In the back row, captain and talisman Sergio Parisse is a certainty to continue at number eight, and there could be place for Marco Barbini, Treviso’s “baby lion” who played a great part in the 40-27 rout of Cardiff Blues on Friday, and the Glasgow-bound Simone Favaro.

Mauro Bergamasco, however, is likely to start at blindside, considering his good performance against England at Twickenham and his considerable experience.

While the forwards are easy enough to predict, the backs make for less than happy reading as injuries continue to blight Italy’s campaign.

Versatile back Andrea Masi, who played in the second half in Wasps’ 23-23 draw with Newcastle Falcons, left the pitch on a stretcher and has been ruled out, leaving a gate – not just a door – wide open to allow Brunel to move Zebre’s New Zealand-born versatile back Kelly Haimona to centre.

Italy must face this game with the same willing shown in their last two outings in this year’s campaign, and learn from their mistakes.

Haimona has so far not repeated his heroics from the November internationals in his two outings in the Six Nations, but has looked more potent when moved into the midfield, and his physicality and versatility must be enough to see him moved to centre alongside Luca Morisi, who impressed as he scored two tries at Twickenham.

Enrico Bacchin is another good option, but the Treviso centre will be very likely among the replacements after being called up at the weekend in place of Masi.

Zebre duo Leonardo Sarto and Giovambattista Venditti should start on the wings, with Sale Sharks’ Luke McLean at full-back might well be the best back three Italy can field, while Vicenza-born former Scotland U20 international Tommaso Allan could make a first senior appearance at BT Murrayfield as the Azzurri‘s outside-half.

It will not be easy for Italy to leave Edinburgh with a win.

So far, their only away win in the Six Nations came at BT Murrayfield in 2007 on a wonderful day for Italian rugby as Pierre Berbizier’s Italy ran in three tries in the opening 15 minutes on their way to a 37-17 win over Frank Hadden’s Scotland.

Despite a couple of late penalties for Scotland from Chris Paterson, the game was already over before scrum-half Alessandro Troncon added a fourth try five minutes from time and Andrea Scanavacca added the conversion to take his personal tally to 17 points.

Former Scotland captain Andy Nicol declared it “a sad, sad day for Scottish rugby”, while Gregor Townsend, another former Scotland international and current head coach at Glasgow Warriors, praised the Italians for in the manner in which they won.

“Italy played some intelligent rugby, they absorbed some pressure, made Scotland give away penalties and [Alessandro] Troncon came up with the winning try,” Townsend said.

Italy must face this game with the same willing shown in their last two outings in this year’s campaign, and learn from their mistakes.

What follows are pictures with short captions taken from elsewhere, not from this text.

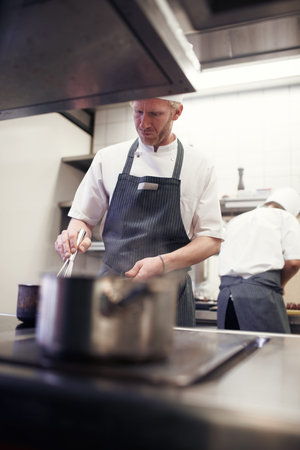 Dinner will be served shortly. chefs preparing a meal service in a professional kitchen.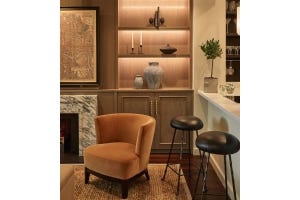 A cosy corner featuring an orange velvet armchair, a bookcase with integrated lighting and a kitchen counter with bar stools.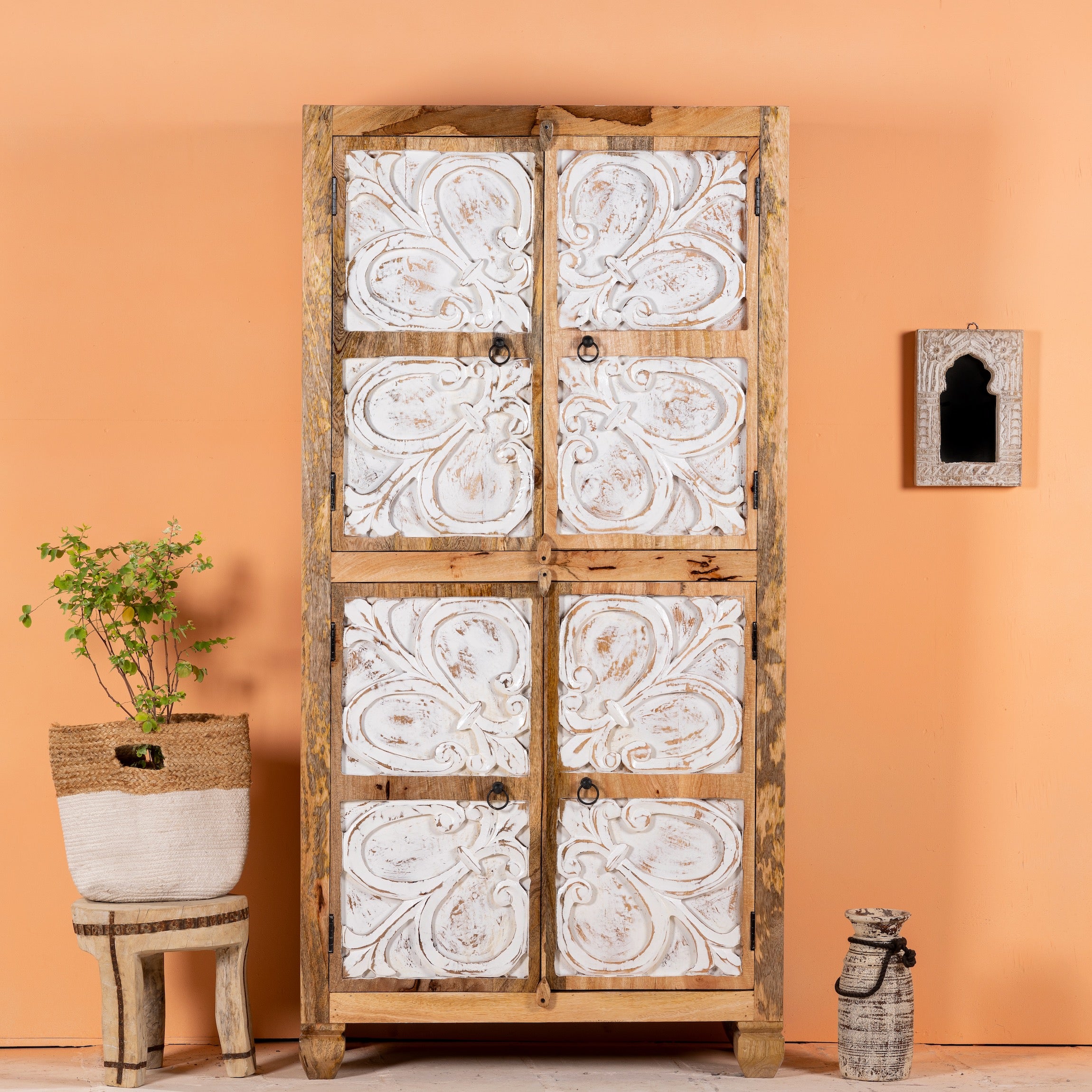 Hand-carved mango wood wardrobe with floral motifs and whitewashed finish; wooden wardrobe ideal for bedroom furniture, 90 × 180 × 40 cm.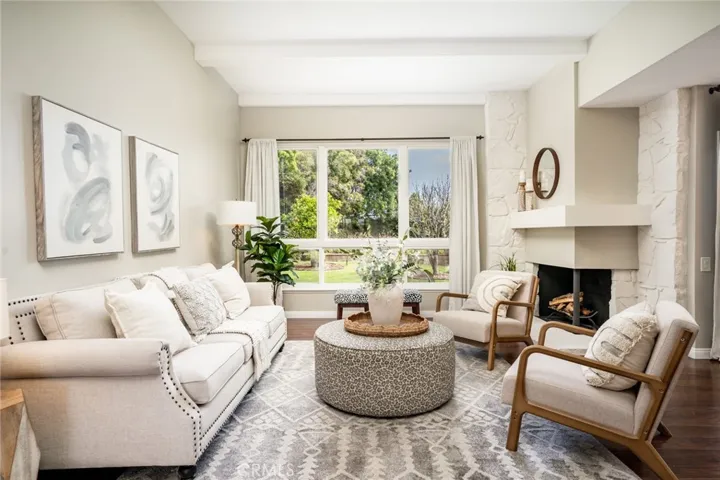 Light-filled living room w/beamed ceilings & romantic fireplace!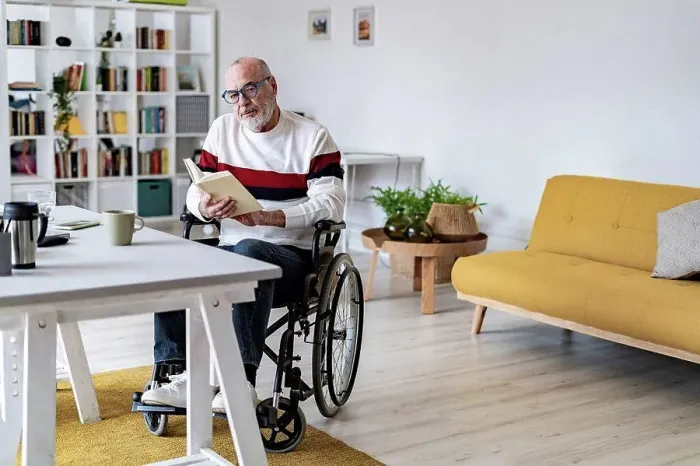 Framed Print : Serious disabled man holding diary at home office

They could also learn a lot from the spirit of that famous win over Scotland eight years ago.

They will need a bit of luck to return to Rome with a victory, but they have to remain focused on the result for the whole match, rather than switching off after an hour as has happened far too many times in the past.

Italy squad for Scotland (31):

Forwards (17): Matías Agüero (Zebre Rugby), Dario Chistolini (Zebre), Lorenzo Cittadini (London Wasps), Alberto de Marchi (Sale Sharks), Leonardo Ghiraldini (Leicester Tigers), Andrea Manici (Zebre), George Fabio Biagi (Zebre), Marco Bortolami (Zebre), Joshua Furno (Newcastle Falcons), Marco Fuser (Benetton Treviso), Antonio Pavanello (Benetton Treviso), Marco Barbini (Benetton Treviso), Mauro Bergamasco (Zebre), Simone Favaro (Benetton Treviso), Francesco Minto (Benetton Treviso), Sergio Parisse (Stade Français, captain), Samuela Vunisa (Zebre).

Backs (14): Edoardo Gori (Benetton Treviso), Guglielmo Palazzani (Zebre), Marcello Violi (Cammi Calvisano), Tommaso Allan (USAP Perpignan), Kelly Haimona (Zebre), Enrico Bacchin (Benetton Treviso), Giulio Bisegni (Zebre), Tommaso Boni (Marchiol Mogliano), Luke Mclean (Sale Sharks), Luca Morisi (Benetton Treviso), Simone Ragusi (Benetton Treviso), Leonardo Sarto (Zebre), Giovambattista Venditti (Zebre), Michele Visentin (Zebre).